====== DATASET RECORDS ======
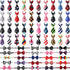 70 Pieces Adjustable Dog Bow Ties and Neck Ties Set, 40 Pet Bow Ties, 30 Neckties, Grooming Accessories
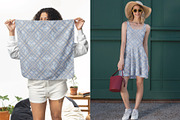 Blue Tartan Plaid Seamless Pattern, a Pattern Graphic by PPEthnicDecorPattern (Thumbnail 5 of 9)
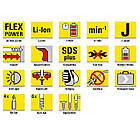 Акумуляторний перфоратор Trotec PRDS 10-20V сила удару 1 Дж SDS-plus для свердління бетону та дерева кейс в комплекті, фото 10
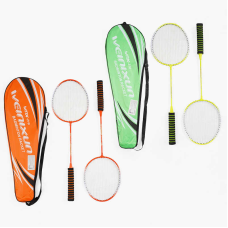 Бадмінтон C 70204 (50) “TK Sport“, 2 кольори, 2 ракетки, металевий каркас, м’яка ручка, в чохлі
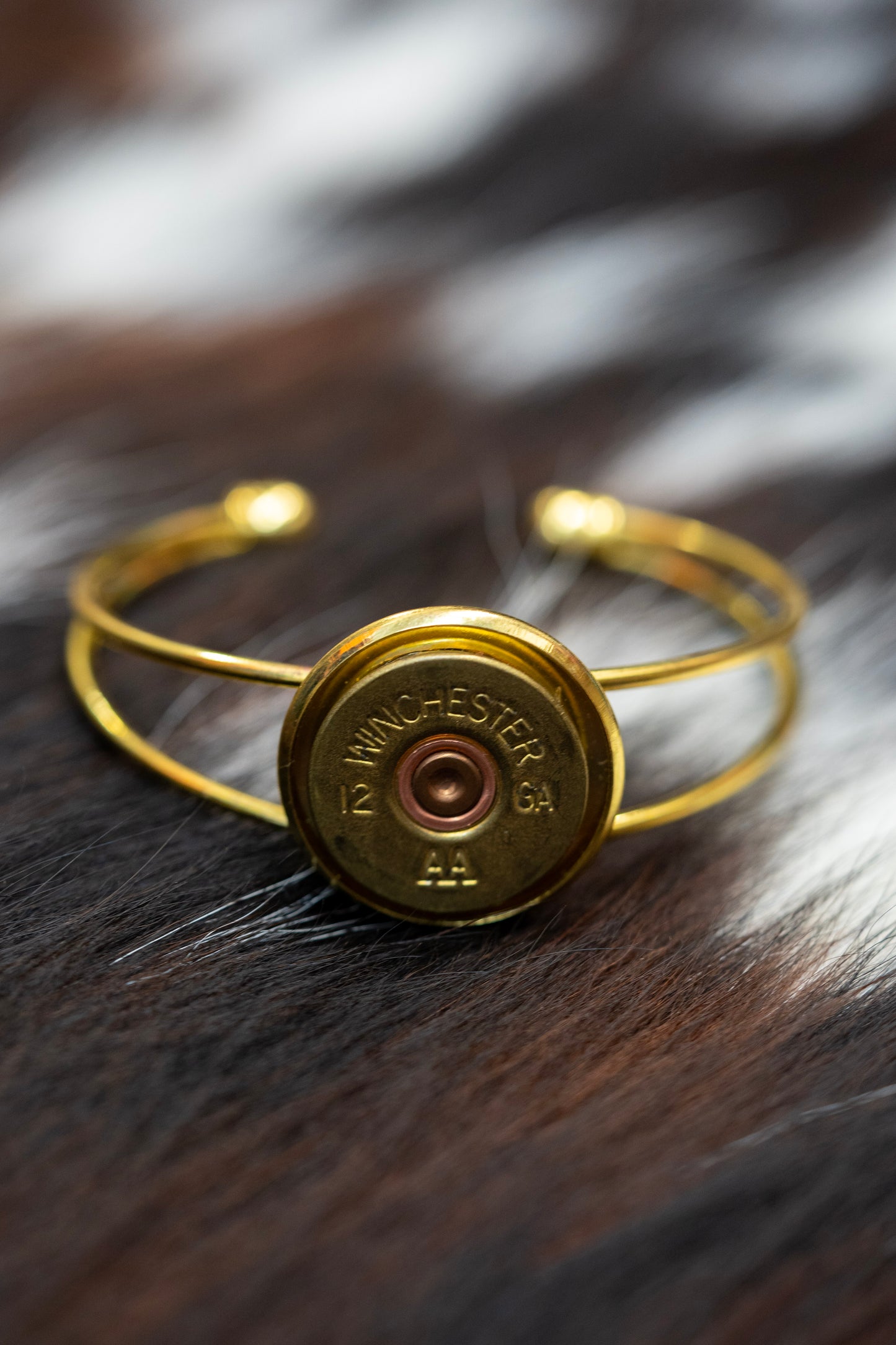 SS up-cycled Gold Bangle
======
====== DATASET RECORDS ======
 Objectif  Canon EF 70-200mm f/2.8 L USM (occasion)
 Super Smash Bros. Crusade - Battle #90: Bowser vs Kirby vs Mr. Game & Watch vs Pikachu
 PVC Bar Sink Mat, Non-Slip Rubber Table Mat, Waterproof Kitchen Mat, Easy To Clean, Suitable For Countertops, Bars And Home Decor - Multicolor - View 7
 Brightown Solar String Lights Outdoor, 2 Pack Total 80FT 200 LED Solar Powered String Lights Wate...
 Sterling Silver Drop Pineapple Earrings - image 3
======
▶ _THE PROBLEM_: The answer is the lines above from the one with "70 Pieces Adjustable" to the one with "SS up-cycled Gold Bangle", set down exactly, with no pictures.

▶ _SOLUTION_:
 70 Pieces Adjustable Dog Bow Ties and Neck Ties Set, 40 Pet Bow Ties, 30 Neckties, Grooming Accessories
 Blue Tartan Plaid Seamless Pattern, a Pattern Graphic by PPEthnicDecorPattern (Thumbnail 5 of 9)
 Акумуляторний перфоратор Trotec PRDS 10-20V сила удару 1 Дж SDS-plus для свердління бетону та дерева кейс в комплекті, фото 10
 Бадмінтон C 70204 (50) “TK Sport“, 2 кольори, 2 ракетки, металевий каркас, м’яка ручка, в чохлі
 SS up-cycled Gold Bangle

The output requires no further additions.